Westberg shares in the intro to Good Grief, “Faith plays a major role in grief of any kind. But religious faith – at least the Jewish-Christian faith – has never said that a truly religious person does not grieve. What it has said is that there are good ways and bad ways to grieve and that what a person considers to be of most importance in life will definitely affect the way he or she grieves.” We need to faithfully remind ourselves that God, as the object of our faith, will be  faithful to heal our grieving hearts.

Prayer: Lord God, we ask You to bind up our broken hearts and heal our wounds, which can be great in ministry. May Your healing be greater. As Paul was, so can we be afflicted in every way, but not crushed; perplexed, but not driven to despair; persecuted, but not forsaken; struck down, but not destroyed. Lord God, help us to not lose heart, though our outer nature is wasting away; renew our inner nature with Your healing power- day by day. (from II Cor. 4)
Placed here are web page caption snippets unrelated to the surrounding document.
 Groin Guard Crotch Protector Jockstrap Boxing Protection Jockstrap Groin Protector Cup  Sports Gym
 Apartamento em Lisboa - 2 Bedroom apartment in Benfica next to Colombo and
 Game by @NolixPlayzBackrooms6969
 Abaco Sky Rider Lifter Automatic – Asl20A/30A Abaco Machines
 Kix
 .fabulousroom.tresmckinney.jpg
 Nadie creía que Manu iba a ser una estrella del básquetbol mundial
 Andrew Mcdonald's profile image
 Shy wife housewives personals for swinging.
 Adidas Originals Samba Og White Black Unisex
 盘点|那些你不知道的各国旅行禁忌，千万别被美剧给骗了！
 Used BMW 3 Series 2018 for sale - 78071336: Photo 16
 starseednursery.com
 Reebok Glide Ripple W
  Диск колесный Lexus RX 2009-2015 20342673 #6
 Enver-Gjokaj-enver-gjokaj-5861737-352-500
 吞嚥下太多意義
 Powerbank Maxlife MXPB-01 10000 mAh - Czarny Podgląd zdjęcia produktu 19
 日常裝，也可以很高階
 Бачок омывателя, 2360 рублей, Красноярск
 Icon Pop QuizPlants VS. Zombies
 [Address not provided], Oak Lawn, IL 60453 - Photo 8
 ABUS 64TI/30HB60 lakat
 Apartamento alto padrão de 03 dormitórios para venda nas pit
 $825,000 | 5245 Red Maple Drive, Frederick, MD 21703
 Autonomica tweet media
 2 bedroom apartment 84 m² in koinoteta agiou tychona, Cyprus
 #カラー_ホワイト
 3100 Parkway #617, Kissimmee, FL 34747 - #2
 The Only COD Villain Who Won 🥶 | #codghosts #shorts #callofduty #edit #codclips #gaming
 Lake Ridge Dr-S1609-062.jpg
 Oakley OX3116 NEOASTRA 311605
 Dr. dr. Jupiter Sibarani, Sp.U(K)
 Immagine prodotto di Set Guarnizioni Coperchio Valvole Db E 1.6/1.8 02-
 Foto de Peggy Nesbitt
God has been faithful to bring my husband and I through our share of deep grief – from the loss of a parent and a baby miscarriage to adult onset of diabetes and intense loneliness while facing overwhelming ministry challenges. God has not forsaken us! Let’s together, as pastoral couples, be known for recounting stories of how God brought us through times of grief with: TRUTH, HOPE, and HEALING.